▶ _The problem_:
When you reach the line that holds "NWT Banana Republic black slacks, size 12", start copying exactly and keep going through the final line of the data, leaving out pictures.

[Stored items]
• • • •
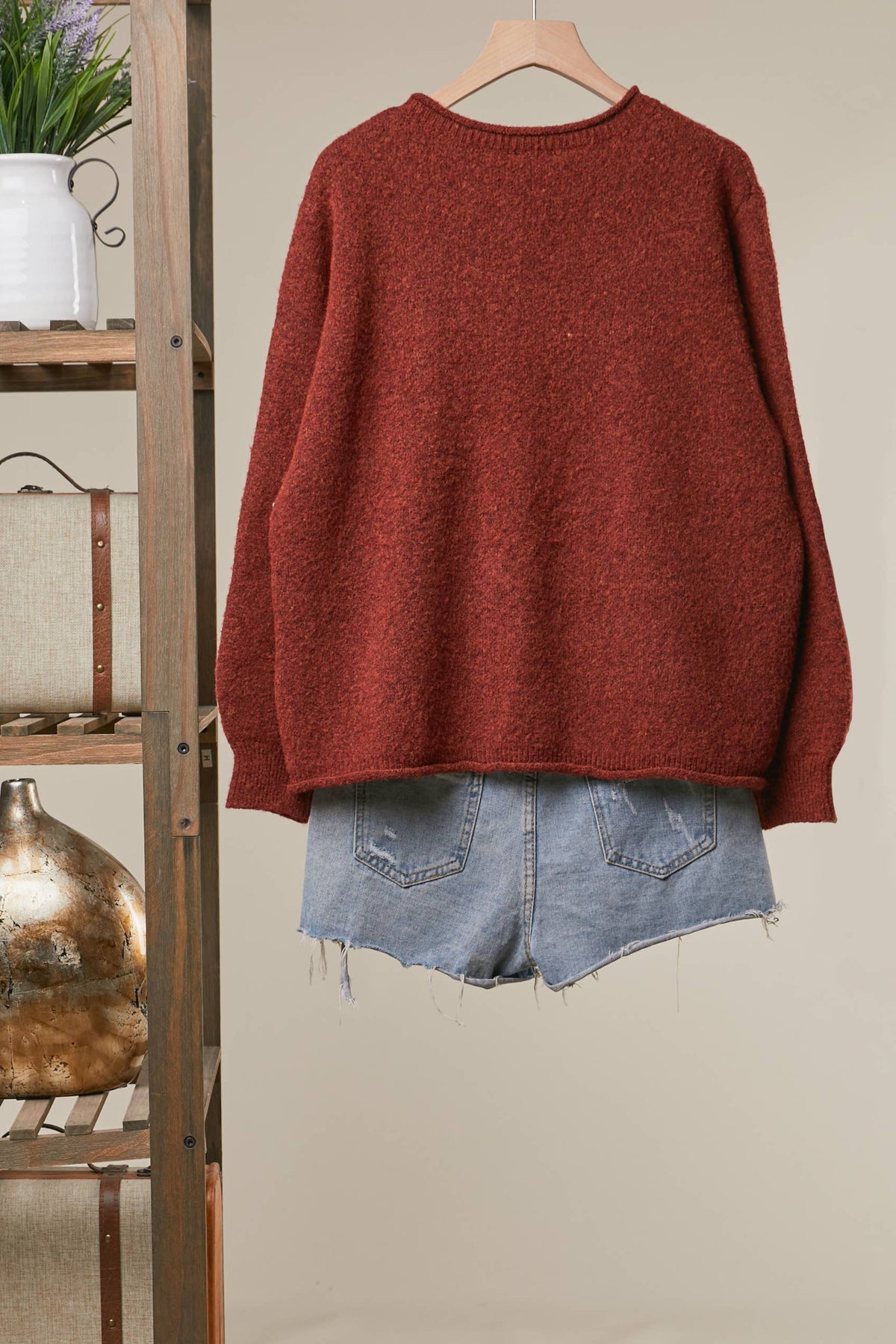 Spiral Sun Embroidered Sweater
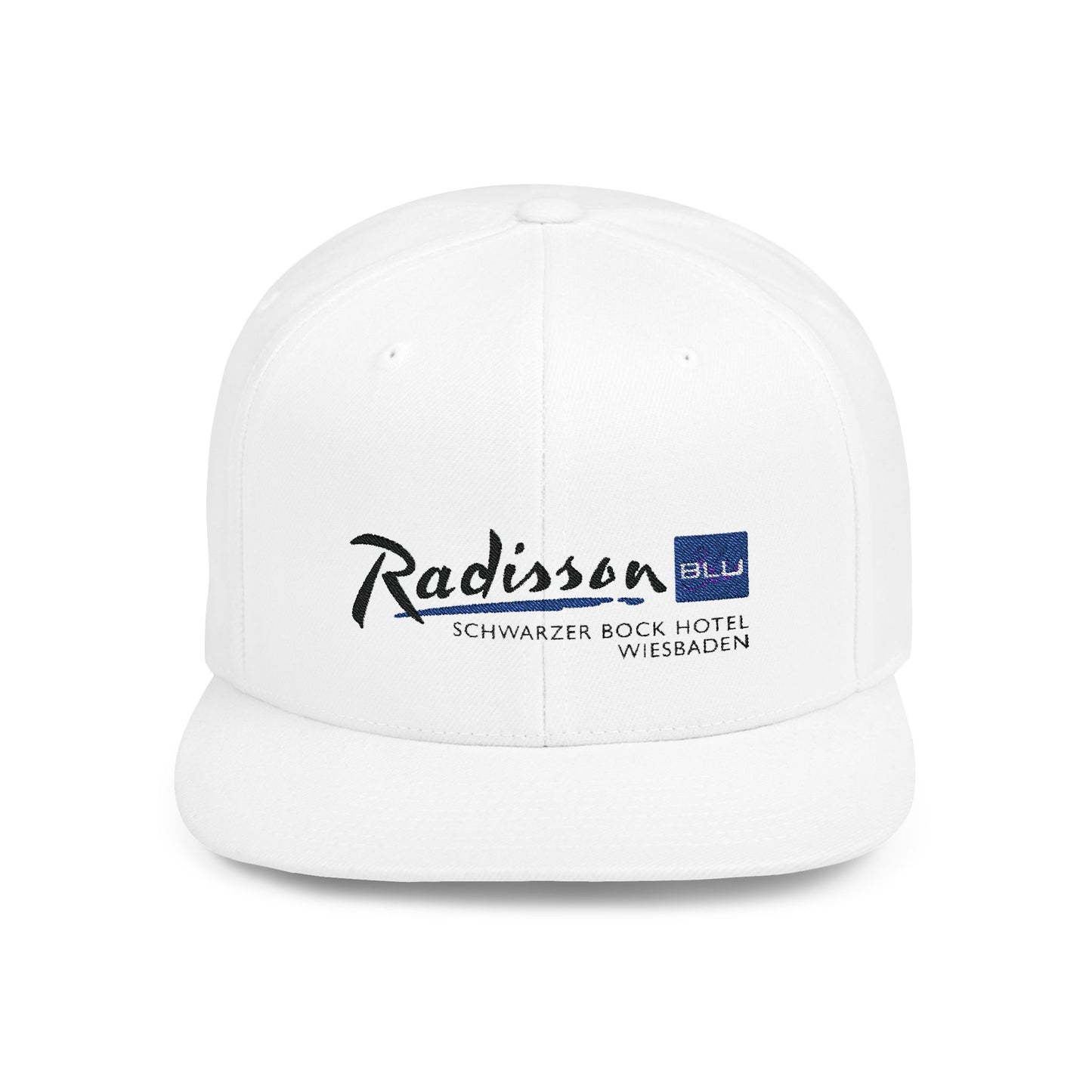 Radisson Blu Flat Bill Snapback – Lightweight, Custom Fit, Premium Quality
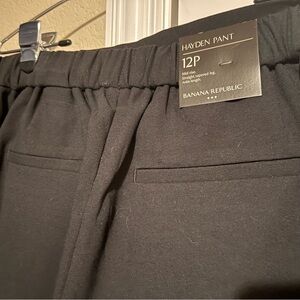 NWT Banana Republic black slacks, size 12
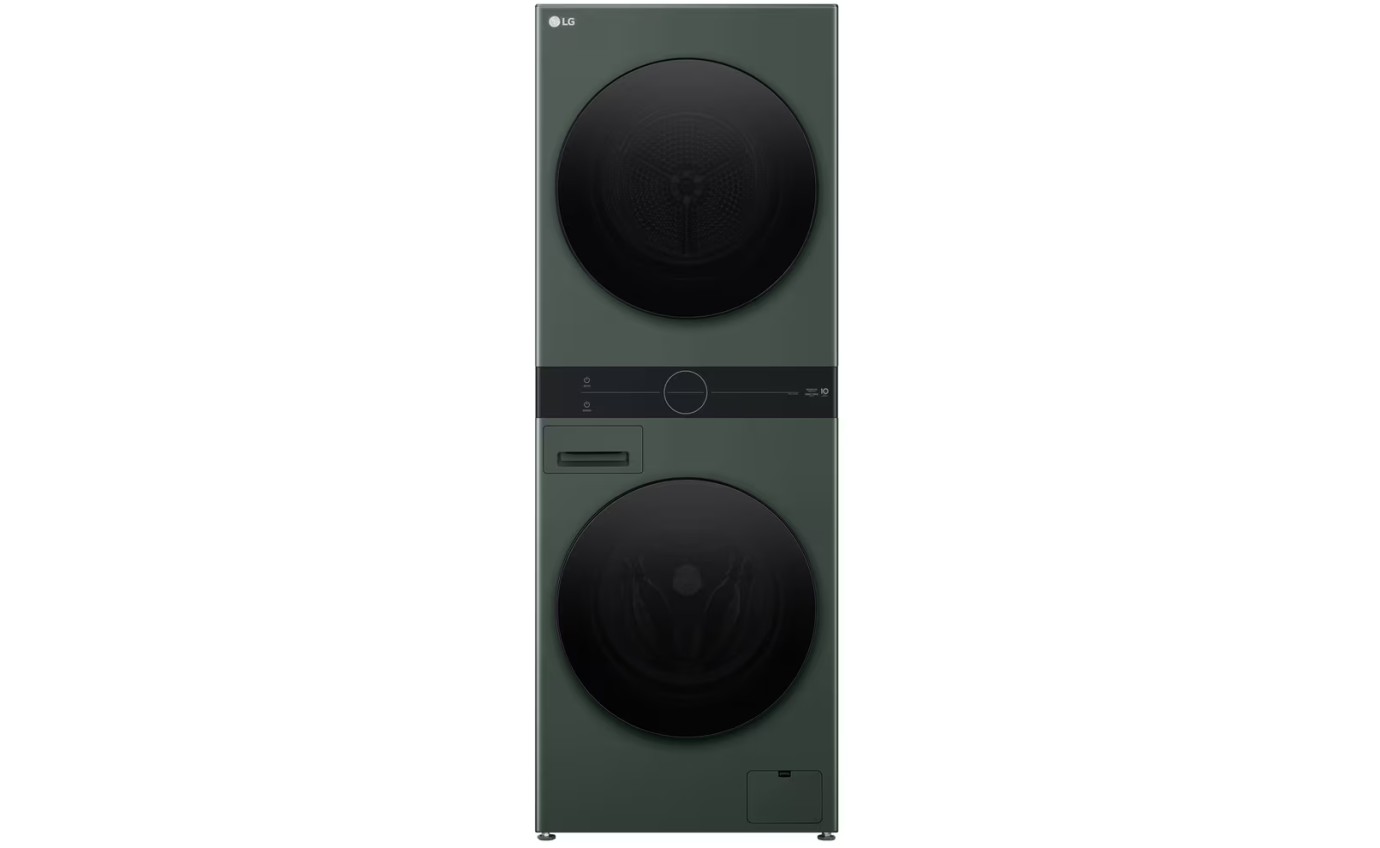 LG 12/10kg WashTower&trade; Stacked Washer Dryer (Forest Green) WWT1210FGX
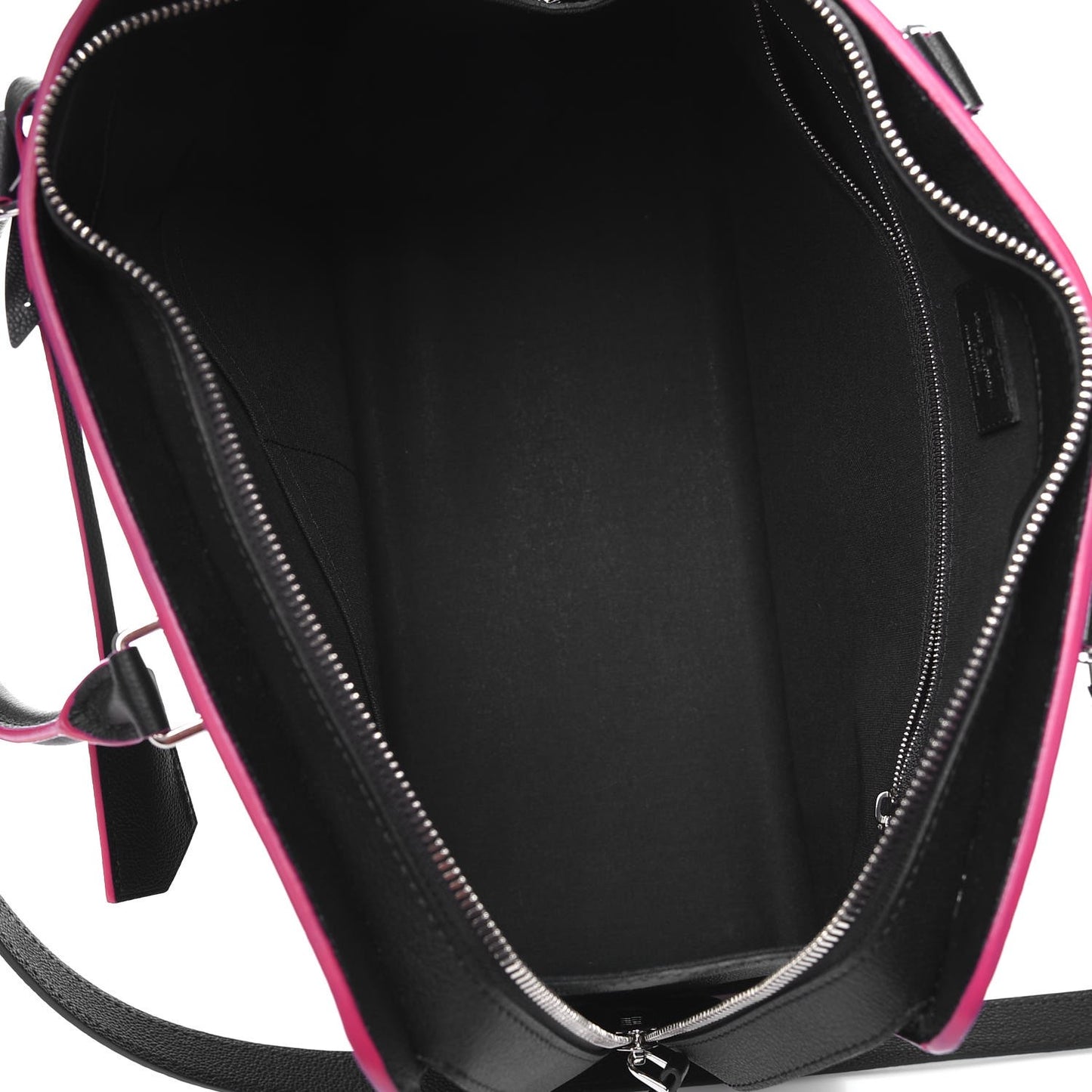 Epi Vaneau GM Black Hot Pink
• • • •
▶ _Exercise response_:
 NWT Banana Republic black slacks, size 12
 LG 12/10kg WashTower&trade; Stacked Washer Dryer (Forest Green) WWT1210FGX
 Epi Vaneau GM Black Hot Pink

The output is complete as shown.